NTI Buddhist Text Reader

Development of the NTI Reader Dictionary

This page describes the design, sources, and building of the NTI Reader Dictionary. The NTI Reader Dictionary is a Chinese-English dicionary combining general modern Chinese, literary Chinese vocabulary, and Buddhist terminology.

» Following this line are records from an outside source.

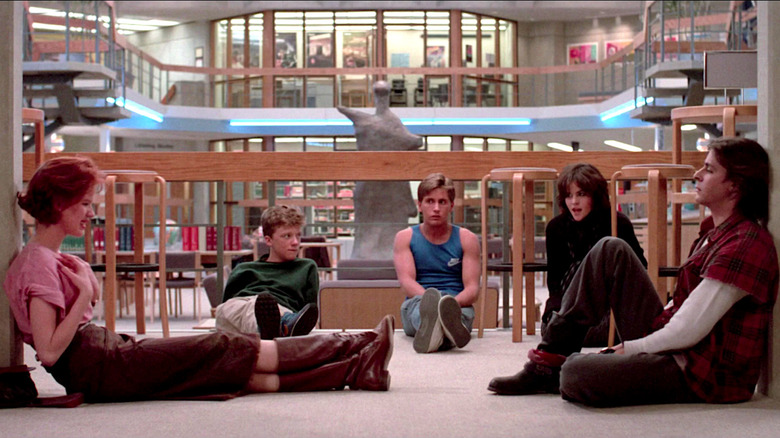 The members of the Breakfast Club talk in the library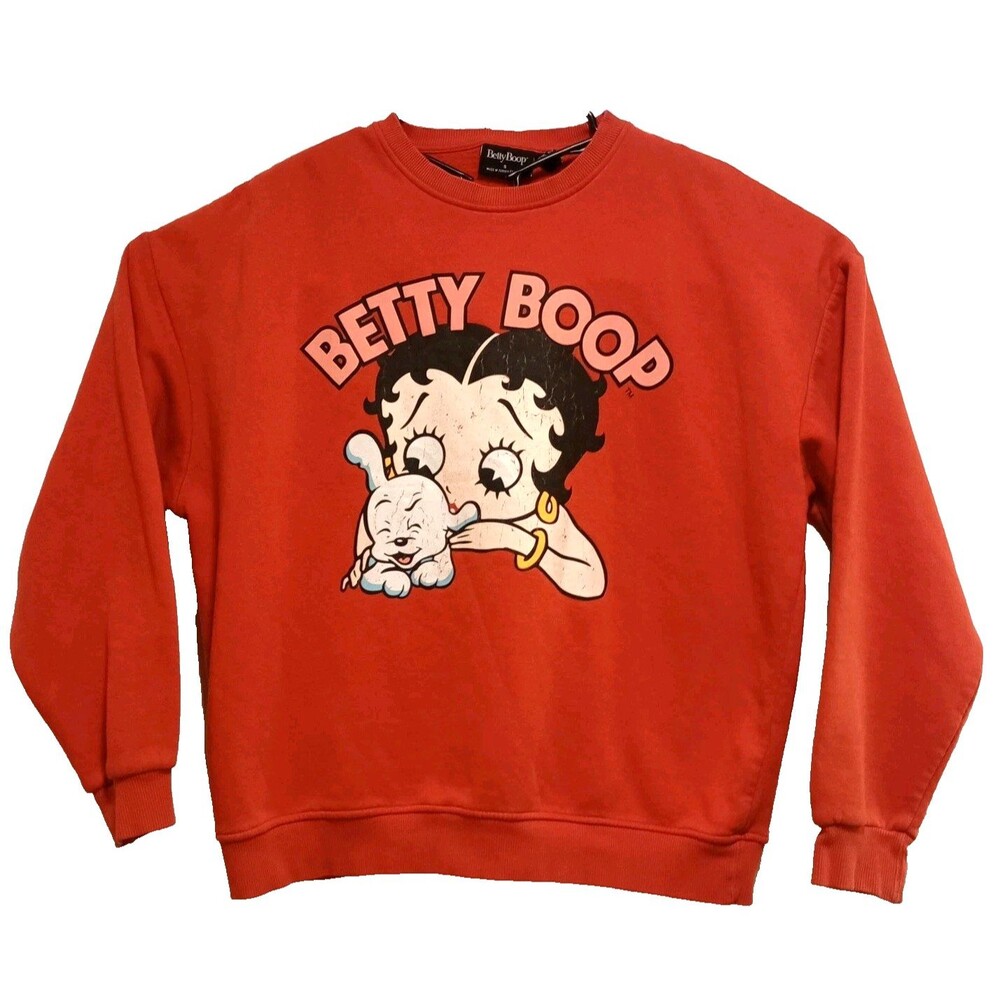 Betty Boop Primark Sweatshirt Womens Small Orange Graphic Pullover Pudgy Dog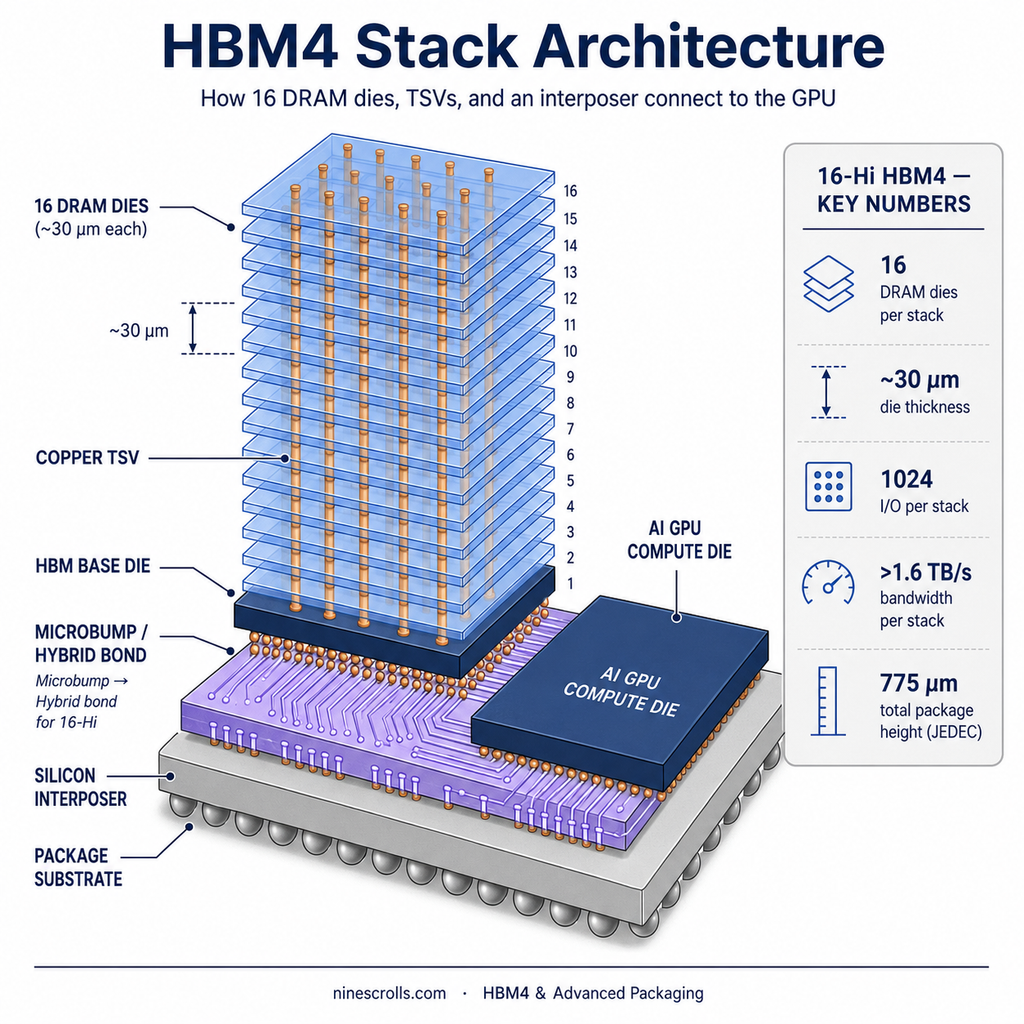 HBM4 stack architecture diagram: 16 DRAM dies stacked with copper TSVs over an HBM base die, hybrid-bond layer, silicon interposer with routing, and adjacent AI GPU compute die on package substrate; sidebar lists 16 dies, ~30 µm die thickness, 1024 I/O, >1.6 TB/s, 775 µm package height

The goals of the NTI Reader dictionary are to:

  1. Support the NTI Reader by providing word entries for words in the texts in a way that is helpful to human users
  2. Building an index to help users find the most relevant texts for any given word
  3. Support corpus management and analysis software as a machine readable dictionary
  4. Provide a general resource to NTI Reader website users in general word search


In order to achieve these goals, the NTI Reader dictionary combines the function of several traditional dictionaries. In particular, it combines the function of a general literary Chinese-English dictionary and a Buddhist dictionary. Major sources for the NTI Reader dictionary are listed in the table below.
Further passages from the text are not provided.